Hay algo en él de “agente programado”, casi de cíborg, que será puesto en una situación límite
que devendrá el núcleo dramático del conflicto sentimental que lo pondrá a
prueba: infiltrarse en su hogar, como niño que vuelve del infierno para ganarse
el cielo del Régimen, y hacer el papel de agente doble: ganarse la confianza de
su padre y sus superiores, traicionando, para ello, a otros agentes, y,
después, espiar a su padre para alertar a sus superiores de Moscú sobre lo que
el Régimen conoce de sus agentes en España. El papel de agente doble, del que
las dos fuerzas acaban desconfiando, lo saca adelante Rabal con una convicción
total, por más que, en el desarrollo de la trama, poco a poco vayan calando en
él viejas emociones de cuando fue niño, emociones que rechaza con la seguridad
de quien comulga con los valores inculcados durante su periodo de
adoctrinamiento. Solo al final, cuando sus superiores lo ponen ante la prueba
definitiva, llevar a su padre a una emboscada de la que no saldrá con vida, el
personaje recobrará la fibra moral de la redención a través de la “llamada de
la sangre”, podríamos decir, sin pecar de efectistas, porque es el momento en
el que, como una anagnórisis diferida a lo largo de toda la historia, el
protagonista alerta a su padre llamándolo por vez primera con ese nombre que
sale de su garganta como un grito de arrepentimiento y de celebración: ¡Padre!, le grita cuando quiere evitar
que, en un recorrido nocturno y solitario por las calles de Madrid, con unos
planos que recuerdan en todo momento El
tercer hombre y con un juego de sombras en los muros casi de carácter
expresionista, el padre se meta en la cobarde trampa que él ha urdido. La
puesta en escena de ese final de cine negro de muchos quilates no es la única
que permite apreciar los sólidos valores cinematográficos de esta cinta de Gil,
porque la persecución en El Escorial de un revolucionario al que traiciona el
hijo para congraciarse con las autoridades es, así mismo, modélica. De igual
manera, el encuentro del protagonista, en un escenario que parece de
extrarradio, con un agente a quien también liquida, con el mismo propósito,
está filmado con una estética del mejor cine negro, del que esta película, y
así debe de ser vista, es un magnífico ejemplo. Está claro que el conflicto
entre política y sentimientos lo ganan los segundos, en un final como
corresponde al lugar y a la época en que se rueda la película, pero no es menos
cierto que durante la mayor parte del metraje el tenso doble juego del
protagonista sabe mantener en vilo la atención de los espectadores y en total
incertidumbre hacia qué platillo de la balanza acabarán decantándose los
acontecimientos. En resumidas cuentas, se trata de una película que, lejos de
caer en el propagandismo fácil del Régimen, supone una incursión honesta en las
magras perspectivas de la agitación comunista revolucionaria en la España de
principios de los 50. Quienes ayer se la perdieron, deberían recuperarla.

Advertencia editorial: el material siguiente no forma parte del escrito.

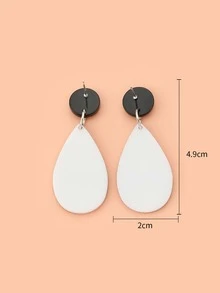 花朵印花水滴形耳墜 - 彩色 - 查看 4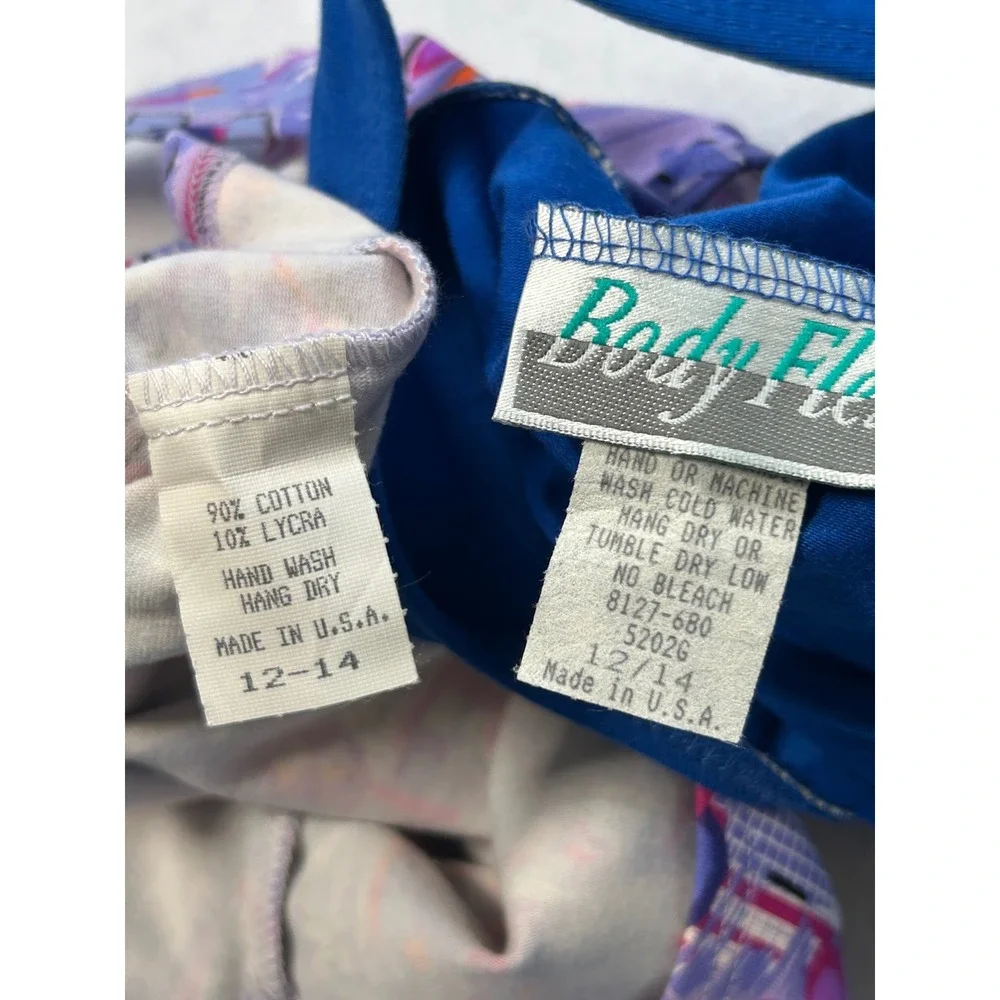 Vintage Jenni Rose Body Flex Kids Leotard Set 12/14 Blue Purple Floral 90s USA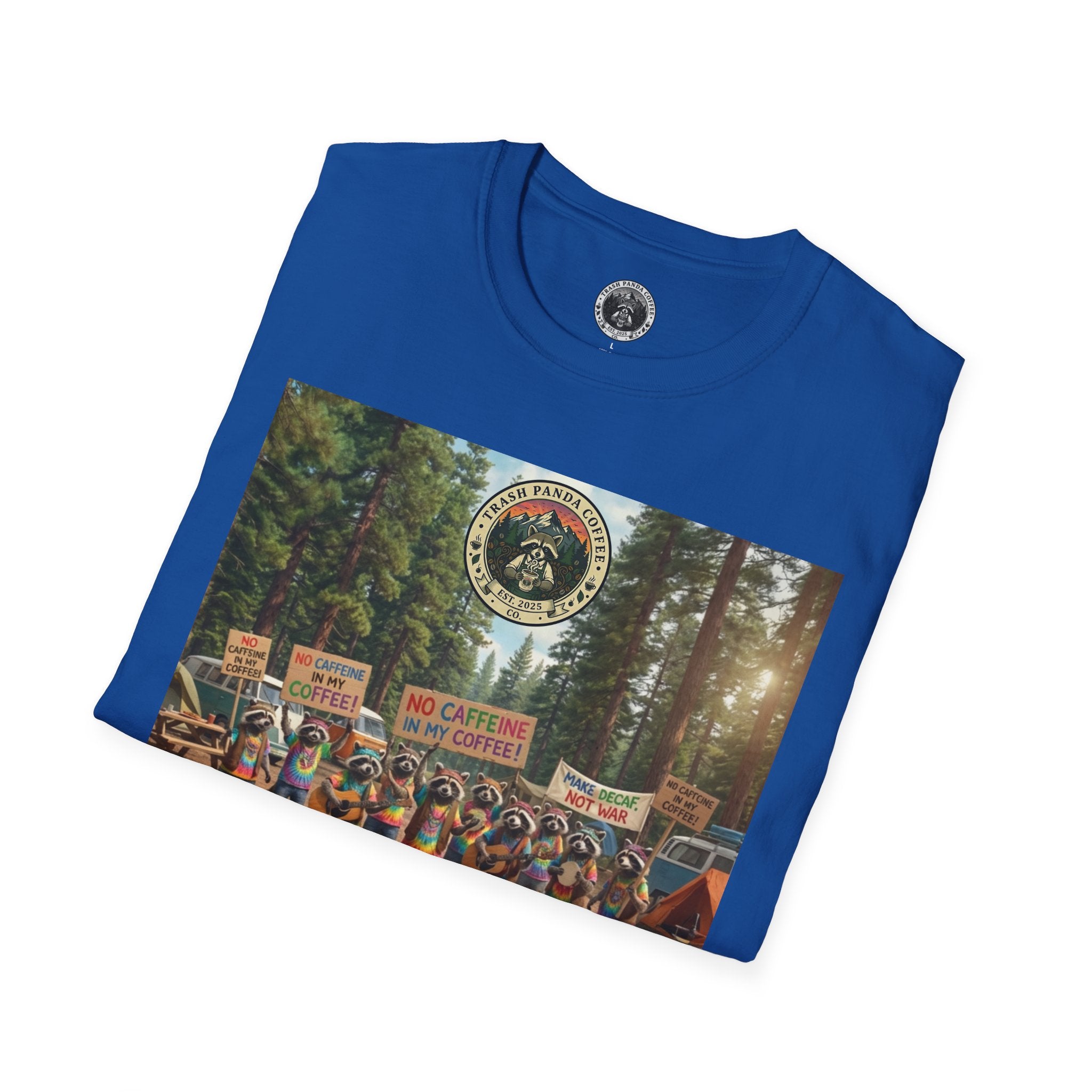Raccoon Hippies Protest T-Shirt — 'No Caffeine'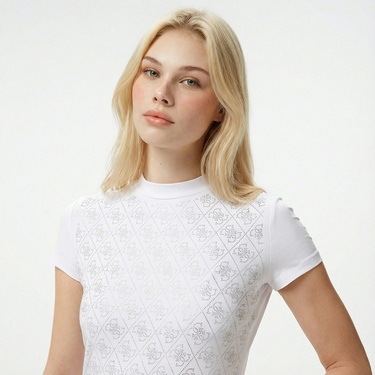 Guess Mock Kadın Beyaz T-Shirt
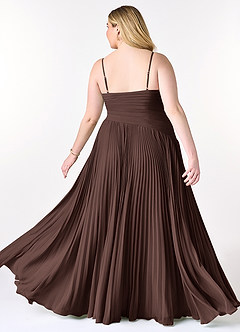 Azazie Vini Abiti Prova a Casa Abito A-Line in Chiffon con Scollo a V a Pieghe Matcha image9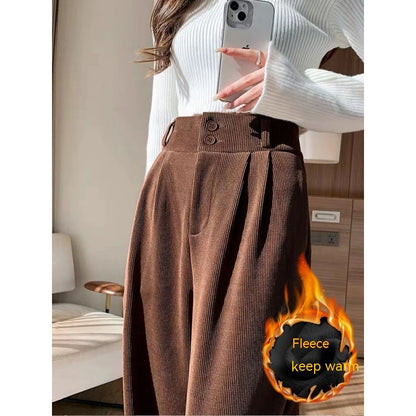Chenille Fleece Wide-leg Pants Women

Seguro que coinciden conmigo en la revalorización de un director como Rafael
Gil. Por otro lado, ha de reconocérsele la habilidad con que supo conseguir que
tres de los mejores directores de fotografía del cine español trabajaran con él
en esta película. Nada menos que Alfredo Fraile, quien ha dirigido dos
películas en las que la fotografía tiene un valor protagonista, Muerte de un ciclista , de Bardem, y Las aguas bajan negras, de Sáenz de
Heredia, ambas vistas en este programa impagable
que es Historia del cine español;
Pablo Ripoll, que fotografió Brigada
criminal, de Iquino, uno de los grandes éxitos del cine policiaco español;
y Enrique Guerner (que es castellanización del austriaco Heinrich Gärtner), que
fotografió películas clásicas como El
cebo y Marcelino, pan y vino, ambas
de Vadja, Los últimos de Filipinas,
de Antonio Román o esa rareza sociológica que es Raza, de Sáenz de Heredia, con guion del cinéfilo Franco.